RISC-V is free and open as in libre, by contrast to x86 and ARM which must be licensed from Intel/AMD and ARM and are thus subject to potential western economic sanctions.
Now, yes, China will just espionage and kangaroo court their way through and around such legalities anyway, but nonetheless RISC-V is less effort for more reward for China if it becomes at least on par with x86 and ARM.
Put more basically, it's a matter of national security. China can have an entire RISC-V ecosystem indigenously, unlike x86 and ARM.
If the US and/or UK place sanctions on exporting microprocessor technologies to China then that's that. Intel/AMD and ARM are subject to US and UK laws and regulations respectively.
RISC-V by contrast is much, much harder for any given country to regulate because of its free and open nature. At most the US and UK can embargo individual developments made within their jurisdictions, but they can't regulate the entire architecture. RISC-V doesn't have a kill switch named Intel/AMD or ARM.

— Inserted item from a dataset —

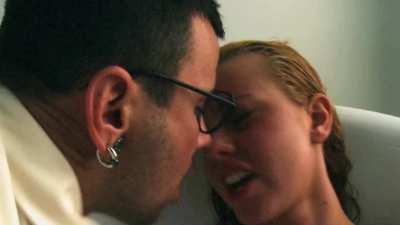 This one time, when Jessie Rogers got fucked in the ass by her step dad (fictionalized depiction)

ARM China is a wildly different animal than ARM. They went rogue a few years back and though SoftBank/ARM did a lot to get things back in line, it still shows up like this:
I'm loving it. I used cheap risc-v boards for several of my projects, most notably a GD32V in my keyboard. The equivalent stm boards weren't too expensive, mostly in the 10-20$ range, but weren't as easily available (and 10$ is still 3x the price of the chinese risc board)
Though the rp2040 has largely ended my cheap risc-v addiction
I hope this never comes to pass, because a RISC-V future is a Chinese future.
A Chinese future will not be kind to western ideals that most of us hold dear.